Range Rover Evoque powinien szybko się zestarzeć. Tak zwykle bywa z odważnymi projektami o nieklasycznych liniach, którym stylistycznie bliżej do konceptów niż wersji produkcyjnych. Evoque wyrywa się tej regule. Pomógł w tym facelifting, który zafundowano mu na początku ubiegłego roku. Brytyjski SUV wyglądem obiecuje bardzo wiele.
We wnętrzu Range'a masz poczucie obcowania z towarem luksusowym. Skóra i inne wysokiej jakości materiały okalają całą deskę rozdzielczą, boczki drzwi i perfekcyjnie wyprofilowane fotele, na których czujesz się jak na wygodnej sofie. Zaskakująco wygodnie jest też w drugim rzędzie siedzeń - nawet rośli pasażerowie (187 cm) nie będą narzekać na brak miejsca nad głową. Nieco gorzej jest pod względem przestrzeni na nogi, choć o ciasnocie też nie ma tu mowy. To spore zaskoczenie, tym bardziej gdy weźmie się pod uwagę wielkość kufra, który połknie 575 litrów.
Konsola centralna nie jest przeładowana przyciskami, które mogłyby zaburzać harmonię wnętrza. Styliści zostawili na niej tylko niezbędne pokrętła, co przełożyło się nie tylko na wygląd, ale i ergonomię. System multimedialny obsługuje się intuicyjnie, ale reakcja ekranu na dotyk mogłaby być nieco szybsza.
Evoque wyglądem obiecuje sportowe doznania. Z obietnicy wywiązuje się jednak nie w pełni. Co prawda zawieszenie jest twardsze, niż można się tego spodziewać po SUV-ie, a precyzyjny układ kierowniczy pozwala na szybkie pokonywanie zakrętów, ale do poziomu naginającego prawa fizyki Porsche Macana trochę mu brakuje. Jadąc Rangem czujesz, że prowadzisz ważącego 1760 kg SUV-a. Wbrew pozorom znacznie lepiej sprawdza się on w roli praktycznego crossovera (w wersji pięciodrzwiowej), co jest kolejnym sporym zaskoczeniem.
Utwardzenie Evoque'a to wyraz ambicji brytyjskich inżynierów, którzy chcieli uczynić z niego SUV-a ze sportowym zacięciem. Właśnie dlatego mijanie niespodziewanych przeszkód na drodze zanadto nie przechyla karoserii. To jednak udany kompromis, bo bestseller Land Rovera dobrze radzi sobie z tłumieniem nierówności.

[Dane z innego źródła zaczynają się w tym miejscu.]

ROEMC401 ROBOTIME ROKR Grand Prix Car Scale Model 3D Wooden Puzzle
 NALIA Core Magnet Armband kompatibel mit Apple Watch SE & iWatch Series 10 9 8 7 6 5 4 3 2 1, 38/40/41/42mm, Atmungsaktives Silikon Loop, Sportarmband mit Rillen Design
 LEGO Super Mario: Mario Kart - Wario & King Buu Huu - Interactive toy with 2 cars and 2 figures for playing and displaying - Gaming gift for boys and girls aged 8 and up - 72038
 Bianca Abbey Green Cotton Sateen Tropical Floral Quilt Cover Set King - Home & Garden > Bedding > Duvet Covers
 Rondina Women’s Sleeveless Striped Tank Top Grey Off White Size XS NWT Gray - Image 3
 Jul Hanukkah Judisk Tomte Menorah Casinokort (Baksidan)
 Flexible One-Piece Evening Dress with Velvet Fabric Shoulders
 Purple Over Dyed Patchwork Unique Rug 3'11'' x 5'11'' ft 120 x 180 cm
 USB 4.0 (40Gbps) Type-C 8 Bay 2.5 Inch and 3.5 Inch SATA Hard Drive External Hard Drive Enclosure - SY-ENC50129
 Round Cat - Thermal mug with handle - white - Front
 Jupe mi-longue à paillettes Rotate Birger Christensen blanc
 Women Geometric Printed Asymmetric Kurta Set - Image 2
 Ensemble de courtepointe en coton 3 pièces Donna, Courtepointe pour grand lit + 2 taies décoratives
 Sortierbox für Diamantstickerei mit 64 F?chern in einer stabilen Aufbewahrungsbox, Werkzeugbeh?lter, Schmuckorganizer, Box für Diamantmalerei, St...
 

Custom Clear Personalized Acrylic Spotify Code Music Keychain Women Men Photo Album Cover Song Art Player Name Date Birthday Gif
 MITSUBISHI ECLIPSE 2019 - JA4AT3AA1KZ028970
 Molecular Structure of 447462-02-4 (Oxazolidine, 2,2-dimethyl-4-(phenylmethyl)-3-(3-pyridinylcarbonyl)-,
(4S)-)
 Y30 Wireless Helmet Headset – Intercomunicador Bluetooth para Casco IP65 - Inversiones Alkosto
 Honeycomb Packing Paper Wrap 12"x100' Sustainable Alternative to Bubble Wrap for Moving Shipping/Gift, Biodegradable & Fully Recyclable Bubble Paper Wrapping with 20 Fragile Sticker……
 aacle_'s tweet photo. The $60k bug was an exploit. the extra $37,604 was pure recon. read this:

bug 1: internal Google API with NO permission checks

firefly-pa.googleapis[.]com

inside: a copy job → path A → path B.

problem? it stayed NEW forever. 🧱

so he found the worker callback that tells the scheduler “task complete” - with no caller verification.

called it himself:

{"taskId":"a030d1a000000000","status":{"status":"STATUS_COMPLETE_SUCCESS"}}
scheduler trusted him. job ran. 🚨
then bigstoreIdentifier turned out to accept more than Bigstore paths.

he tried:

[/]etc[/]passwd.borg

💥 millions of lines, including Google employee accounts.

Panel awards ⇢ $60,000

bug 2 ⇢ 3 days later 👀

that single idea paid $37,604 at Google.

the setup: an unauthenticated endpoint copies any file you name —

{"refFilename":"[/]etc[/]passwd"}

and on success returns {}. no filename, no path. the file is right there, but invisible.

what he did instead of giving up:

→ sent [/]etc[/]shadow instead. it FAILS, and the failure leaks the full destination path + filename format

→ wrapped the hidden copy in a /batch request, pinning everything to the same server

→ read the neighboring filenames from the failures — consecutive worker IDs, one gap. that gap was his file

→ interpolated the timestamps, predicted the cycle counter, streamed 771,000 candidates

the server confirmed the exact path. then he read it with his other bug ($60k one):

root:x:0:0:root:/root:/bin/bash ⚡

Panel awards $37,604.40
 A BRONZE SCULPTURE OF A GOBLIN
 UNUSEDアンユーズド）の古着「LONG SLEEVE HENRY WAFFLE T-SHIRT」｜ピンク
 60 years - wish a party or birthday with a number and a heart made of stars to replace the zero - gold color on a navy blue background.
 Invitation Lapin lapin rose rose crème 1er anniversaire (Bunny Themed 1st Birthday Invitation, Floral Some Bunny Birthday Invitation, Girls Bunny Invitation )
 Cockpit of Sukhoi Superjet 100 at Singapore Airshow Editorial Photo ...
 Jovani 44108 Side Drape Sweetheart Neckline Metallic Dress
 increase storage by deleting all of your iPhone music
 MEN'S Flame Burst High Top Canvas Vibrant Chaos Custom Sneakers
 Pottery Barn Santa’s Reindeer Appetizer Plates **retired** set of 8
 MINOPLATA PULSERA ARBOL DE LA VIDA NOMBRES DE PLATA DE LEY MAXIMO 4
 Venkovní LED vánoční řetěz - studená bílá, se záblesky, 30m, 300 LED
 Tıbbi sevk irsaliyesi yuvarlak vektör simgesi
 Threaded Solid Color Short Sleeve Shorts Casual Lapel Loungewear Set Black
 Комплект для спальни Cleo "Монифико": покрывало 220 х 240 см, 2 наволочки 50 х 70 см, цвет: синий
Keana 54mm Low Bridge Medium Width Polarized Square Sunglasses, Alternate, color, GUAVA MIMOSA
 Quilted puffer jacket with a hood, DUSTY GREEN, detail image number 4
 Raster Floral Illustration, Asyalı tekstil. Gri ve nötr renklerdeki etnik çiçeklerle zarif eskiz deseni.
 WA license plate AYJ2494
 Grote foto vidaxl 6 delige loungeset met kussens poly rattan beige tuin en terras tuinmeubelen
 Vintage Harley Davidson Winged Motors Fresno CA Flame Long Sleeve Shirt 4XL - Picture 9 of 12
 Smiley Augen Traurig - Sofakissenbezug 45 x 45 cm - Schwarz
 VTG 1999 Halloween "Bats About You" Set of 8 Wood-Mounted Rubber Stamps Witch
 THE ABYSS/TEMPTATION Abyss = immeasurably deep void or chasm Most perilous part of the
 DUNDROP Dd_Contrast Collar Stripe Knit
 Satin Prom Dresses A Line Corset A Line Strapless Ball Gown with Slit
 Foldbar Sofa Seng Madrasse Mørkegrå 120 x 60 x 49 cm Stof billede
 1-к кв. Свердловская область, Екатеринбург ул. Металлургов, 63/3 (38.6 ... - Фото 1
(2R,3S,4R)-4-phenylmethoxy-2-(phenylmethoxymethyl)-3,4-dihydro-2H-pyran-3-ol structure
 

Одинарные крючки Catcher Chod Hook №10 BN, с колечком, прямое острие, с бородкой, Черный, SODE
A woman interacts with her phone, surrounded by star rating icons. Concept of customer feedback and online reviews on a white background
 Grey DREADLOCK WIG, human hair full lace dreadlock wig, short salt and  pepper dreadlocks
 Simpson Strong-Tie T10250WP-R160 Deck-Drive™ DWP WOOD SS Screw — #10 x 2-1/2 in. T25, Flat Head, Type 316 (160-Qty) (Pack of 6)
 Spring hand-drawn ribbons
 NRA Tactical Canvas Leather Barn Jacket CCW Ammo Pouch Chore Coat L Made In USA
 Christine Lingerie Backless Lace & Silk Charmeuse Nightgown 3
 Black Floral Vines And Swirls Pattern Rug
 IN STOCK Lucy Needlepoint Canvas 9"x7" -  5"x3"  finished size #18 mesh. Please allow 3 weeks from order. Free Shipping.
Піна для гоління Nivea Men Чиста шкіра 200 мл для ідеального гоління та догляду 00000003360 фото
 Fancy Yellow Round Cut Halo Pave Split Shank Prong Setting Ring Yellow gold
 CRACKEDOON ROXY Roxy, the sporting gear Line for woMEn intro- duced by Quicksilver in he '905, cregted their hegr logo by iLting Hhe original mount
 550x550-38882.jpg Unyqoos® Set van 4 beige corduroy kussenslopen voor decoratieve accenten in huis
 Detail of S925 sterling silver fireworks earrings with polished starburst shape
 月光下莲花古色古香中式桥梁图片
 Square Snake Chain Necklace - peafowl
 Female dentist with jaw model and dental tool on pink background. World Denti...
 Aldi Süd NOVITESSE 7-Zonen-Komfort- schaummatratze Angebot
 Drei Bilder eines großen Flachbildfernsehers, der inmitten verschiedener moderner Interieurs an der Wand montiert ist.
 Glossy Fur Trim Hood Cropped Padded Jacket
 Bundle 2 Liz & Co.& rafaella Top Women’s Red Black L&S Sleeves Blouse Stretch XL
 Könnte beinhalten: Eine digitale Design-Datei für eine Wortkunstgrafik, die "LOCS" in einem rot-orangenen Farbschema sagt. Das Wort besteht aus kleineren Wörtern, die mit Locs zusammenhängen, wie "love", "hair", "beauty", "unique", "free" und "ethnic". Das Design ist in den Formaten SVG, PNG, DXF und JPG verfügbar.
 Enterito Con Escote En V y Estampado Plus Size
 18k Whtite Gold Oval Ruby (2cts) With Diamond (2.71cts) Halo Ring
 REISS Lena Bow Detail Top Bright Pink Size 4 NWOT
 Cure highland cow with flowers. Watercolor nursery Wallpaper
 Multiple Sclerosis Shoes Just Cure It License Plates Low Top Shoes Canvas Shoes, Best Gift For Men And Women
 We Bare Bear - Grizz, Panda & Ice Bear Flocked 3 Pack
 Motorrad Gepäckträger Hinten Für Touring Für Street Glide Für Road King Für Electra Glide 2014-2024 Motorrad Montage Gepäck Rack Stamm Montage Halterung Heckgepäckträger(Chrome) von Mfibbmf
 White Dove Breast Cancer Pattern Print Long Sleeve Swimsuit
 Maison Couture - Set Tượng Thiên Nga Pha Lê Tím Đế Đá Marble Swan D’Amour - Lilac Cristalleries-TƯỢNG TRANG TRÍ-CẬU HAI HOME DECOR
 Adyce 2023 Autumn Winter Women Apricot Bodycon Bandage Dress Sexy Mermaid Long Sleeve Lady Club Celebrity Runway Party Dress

Nieco inaczej jest z układem kierowniczym. Jest precyzyjny i doskonale sprawdza się w zakrętach, ale wymaga delikatnego siłowania się z kierownicą. To żaden trening bicepsów, ale przy niedużych prędkościach mogłoby być lżej. Na szczęście o komfort dba automatyczna, 9-stopniowa skrzynia biegów, która przy spokojnej jeździe sprawia wrażenie bezstopniowej, niepostrzeżenie zmieniając biegi. Szarpnięcia wyczuwalne są dopiero przy mocniejszym wciśnięciu pedału gazu. Jedyny jej minus to dość ospała reakcja na "gaz wciśnięty w podłogę" - redukcja trwa tu zbyt długo. To kolejny - obok wyczuwalnej masy - argument, który każe traktować Evoque'a nie jako SUV-a sportowego, ale aspirującego. To dobry, wbrew pozorom praktyczny i najładniejszy w swojej klasie samochód, ale pod względem zachowania na drodze ma pewne zaległości względem Porsche.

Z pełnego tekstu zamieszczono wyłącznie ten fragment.